United for Human Rights and Global Equity
6-9 July 2027, Brussels and online
Organizers
Brussels Institute for Social and Population Studies (BRISPO) and Brussels Interdisciplinary Research Centre on Migration and Minorities (BIRMM) of the Vrije Universiteit Brussels, Belgium
Human rights are grounded in the claim of universality: that all humans are inherently entitled to dignity, protection, justice and fundamental freedoms. Yet, both historically and in the present, the category of the ‘human’ has been unevenly constructed and selectively applied. While human rights frameworks have provided important legal, institutional, and political tools for advancing protection and justice, they have also emerged through historically uneven trajectories, often shaped by Eurocentric assumptions and limited engagement with colonial realities. Migrants and minorities – particularly those who are undocumented, racialised, displaced, or come from formerly colonised contexts – have frequently been excluded from full recognition within these frameworks. At the same time, contemporary attacks on rights protections in areas such as asylum, deportation, family reunification, and mobility governance raise pressing concerns about the erosion of established safeguards. Across the globe, migration is increasingly shaped by tightening border regimes, selective mobility policies, and the persistence of racialised and socio-economic hierarchies.
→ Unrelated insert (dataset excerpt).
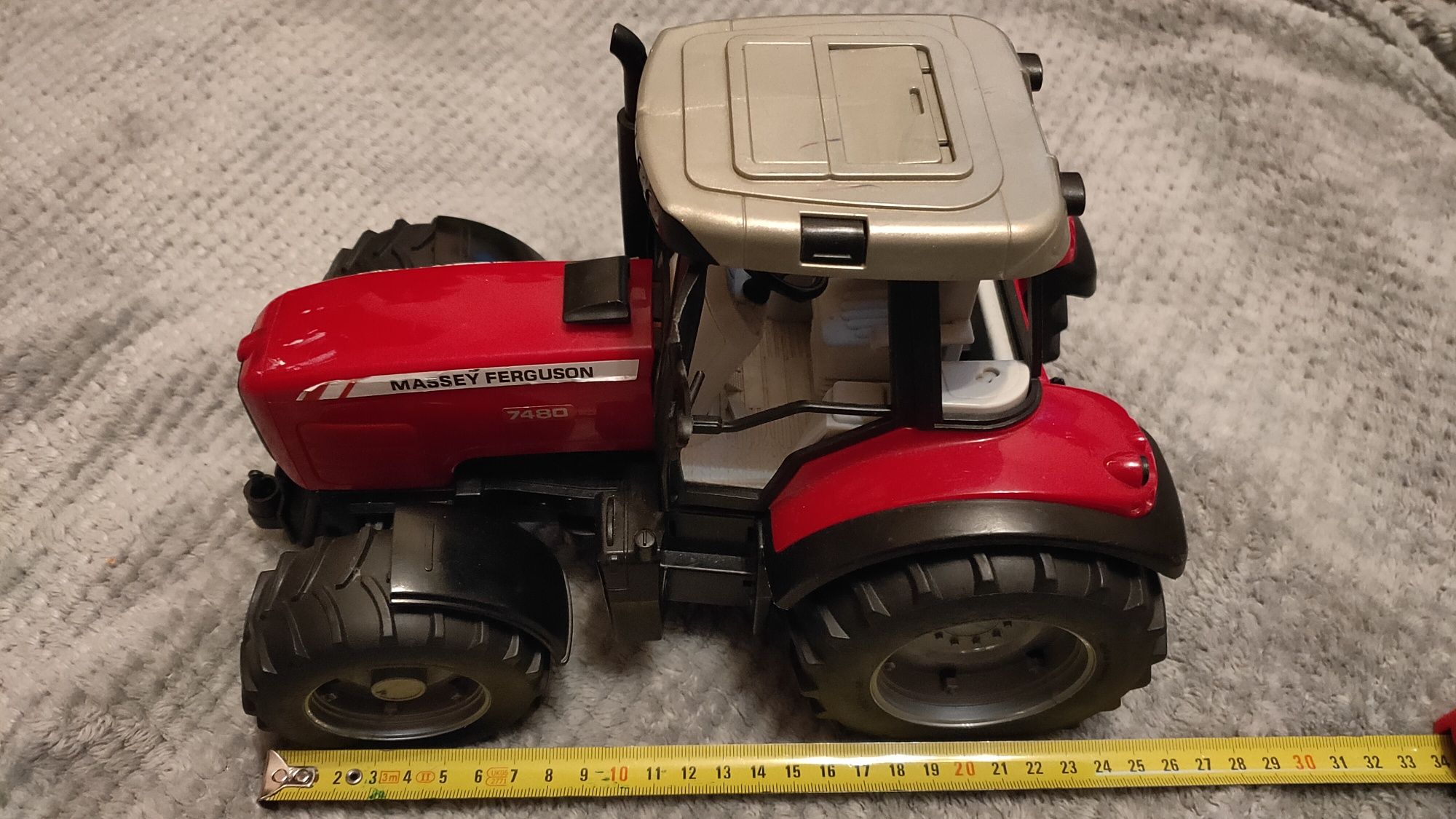 Traktor Bruder Massey Ferguson 7480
The 2027 IMISCOE Annual Conference, United for Human Rights and Global Equity, invites critical and interdisciplinary engagement with these tensions. The event seeks to examine how migration and racism intersect with broader structures of inequality, including colonial legacies, capitalism, and geopolitical asymmetries. Migration is not only about movement across borders; it is a key arena in which inclusion, exclusion, and belonging are negotiated and institutionalised. We encourage contributions that examine how legal, political, and social frameworks shape access to human rights for migrants and their descendants, as well as how migration and racial regimes undermine, redefine or contest these rights.